Scrapely is a simple and customizable web scraper built using Java and Jsoup. It allows users to extract structured data from web pages based on CSS selectors and stores the results in a JSON file.
✅ Extract Specific Elements – Users can define which elements to scrape using CSS selectors.
✅ Attribute Extraction – Option to extract specific attributes (e.g., href
, src
, alt
).
✅ Automatic JSON Output – Saves extracted data in a structured JSON file.
✅ User Input Handling – Fully interactive, taking inputs via the command line.

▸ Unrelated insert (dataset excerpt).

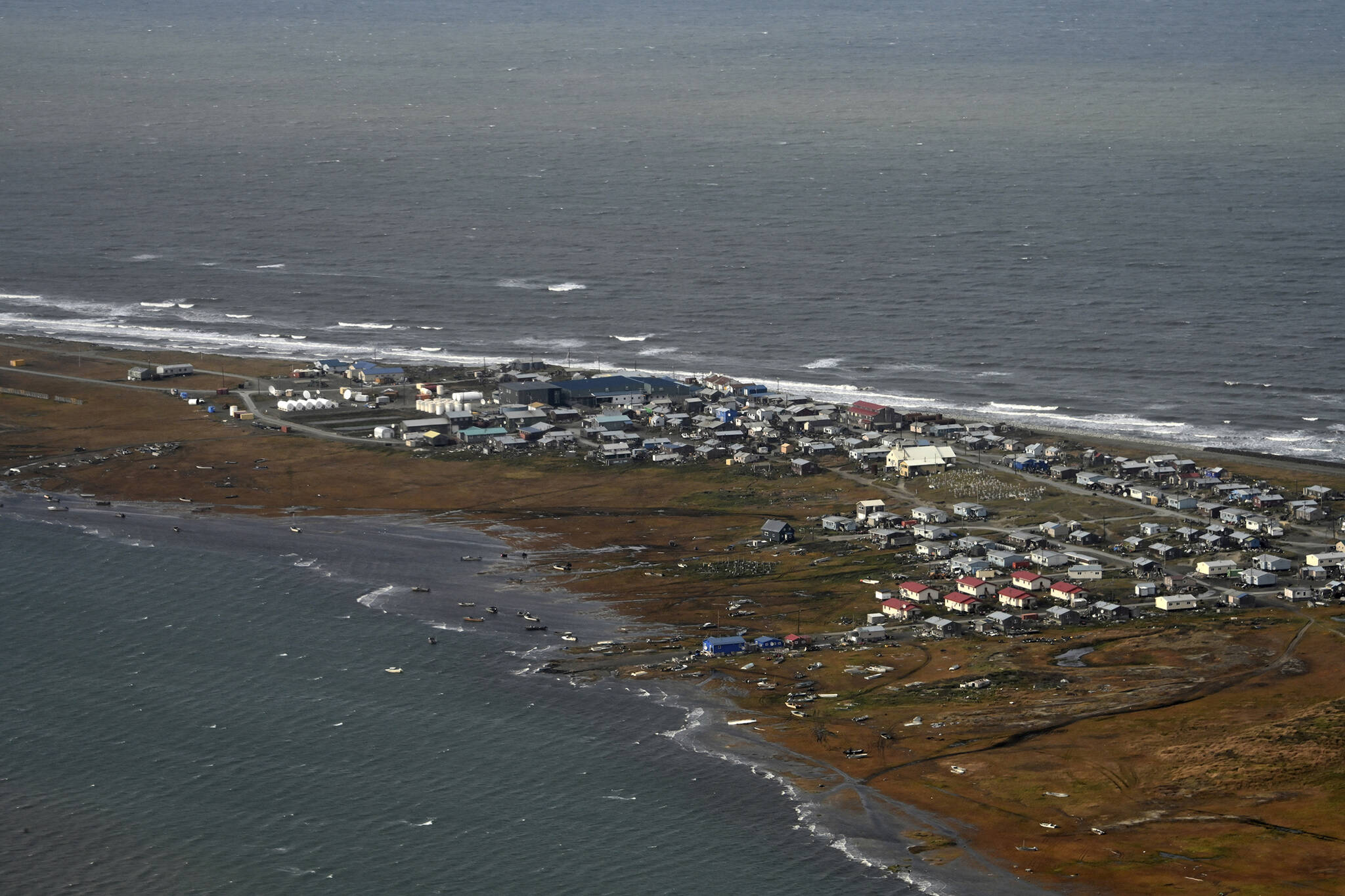In this image provided by the U.S. Coast Guard, an aerial view taken during a search and rescue and damage assessment in Deering, Alaska, shows the damage caused by Typhoon Merbok, on Sept. 18, 2022. Authorities are making contact with some of the most remote villages in the United States to determine the need for food and water and assess damage from a massive weekend storm that flooded communities dotting Alaska’s vast western coast. (Petty Officer 3rd Class Ian Gray/U.S. Coast Guard via AP)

- Java – Core programming language
- Jsoup – HTML parsing & web scraping library
git clone https://github.com/yourusername/scrapely.git
cd scrapely
Make sure you have Java 8+ installed.
javac -cp .:jsoup-1.13.1.jar Main.java WebScraper.java
java -cp .:jsoup-1.13.1.jar Main
When prompted, enter the required details:
- Website URL
- CSS Query (class/tag)
- Element to extract
- (Optional) Attribute to extract
The extracted data is stored in a JSON file named after the website title. Example output:
[
{ "text": "The Great Gatsby" },
{ "text": "1984" },
{ "text": "To Kill a Mockingbird" }
]
This project is licensed under the MIT License.